Piramide van Khafre
Dit monument is met zijn 136,5 meter de één na grootste piramide van Giza. Khafre (Chefren in het Grieks) was de zoon van Khufu en regeerde tijdens de vierde dynastie (rond 2550 v.Chr.). De piramide is te herkennen aan de witte kalkstenen deklaag op zijn top. Deze deklaag, die oorspronkelijk de hele piramide bedekte, was gemaakt van goede kwaliteit kalksteen uit Tura met onderaan enkele lagen roze graniet.
Twee ingangen leiden naar de grafkamer, die een sarcofaag bevat van rood graniet. Het complex bestaat niet alleen uit een piramide. Ook was er een Dodentempel met nissen voor beelden van de koning, voorraadkamers en een kapel met stèles en een schijndeur. Een Dalweg leidt naar de Daltempel, gebouwd van kalksteen met graniet en een vloer van albasten tegels. Ook hier stonden oorspronkelijk beelden van Khafre, en er bevond zich een haven.

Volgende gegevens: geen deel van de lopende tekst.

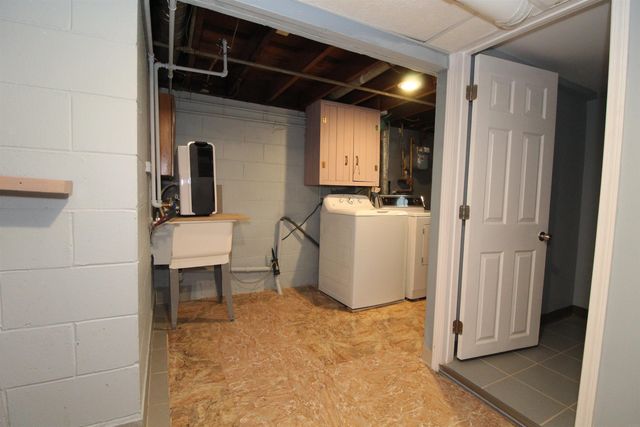 1166 Easton Avenue, Waterloo, IA 50702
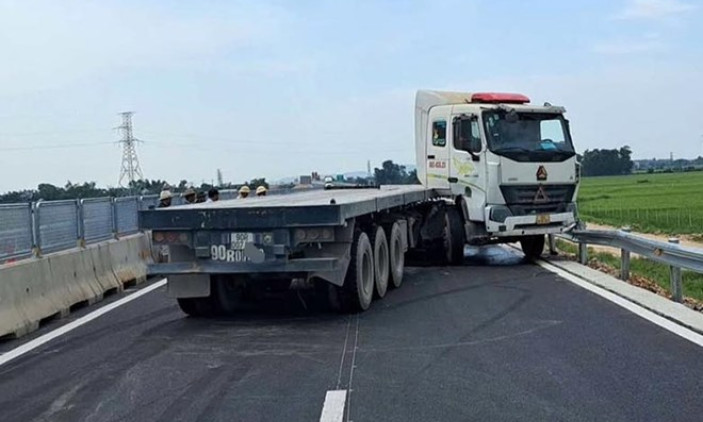 Xe đầu kéo chắn ngang đường cao tốc, phương tiện ách tắc kéo dài
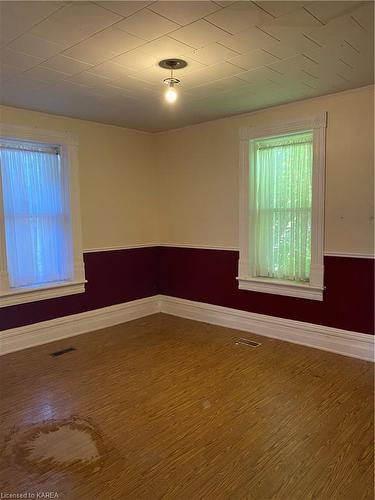 7719 Highway 42, Elgin, ON - Indoor Photo Showing Other Room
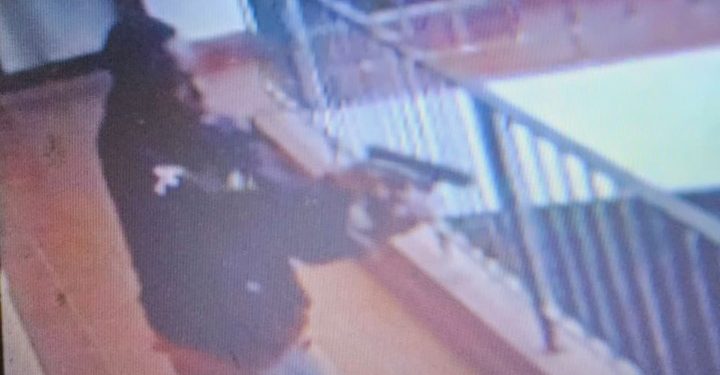Policía Nacional persigue hombre que hirió de bala a mujer en negocio de la Lincoln; incidente está bajo investigación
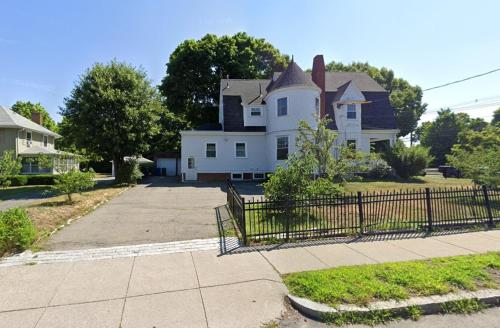 -No42- Elegant Room in a House - 20 min Drive to Downtown & 10 min walk to Commuter Rail at Newton B in Newton (Massachusetts)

Bijzonder aan het piramidecomplex is de aanwezigheid van een monolithische Sfinx, van 73 meter lang, 20 meter breed en 20 meter hoog. De sfinx is uit de rotsen gehouwen en ligt in zijn eigen groeve. Het beeld met het lichaam van een leeuw toont het hoofd van de koning met zijn bekende nemes-hoofddoek. Bij de sfinx hoort de zogeheten Sfinxtempel.

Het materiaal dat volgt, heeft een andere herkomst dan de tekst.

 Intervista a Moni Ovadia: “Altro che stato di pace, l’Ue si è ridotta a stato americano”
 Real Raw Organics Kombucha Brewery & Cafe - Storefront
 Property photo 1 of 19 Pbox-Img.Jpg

Giovanni Belzoni vond in 1818 de ingang tot de piramide. Hij hoopte een intacte begraving te vinden, maar trof slechts een lege sarcofaag. Auguste Mariette vond in 1858 onder de Daltempel een perfect bewaard gebleven beeld van Khafre met een Horusvalk achter zijn hoofd, wat zich nu in het Egyptisch Museum in Cairo bevindt.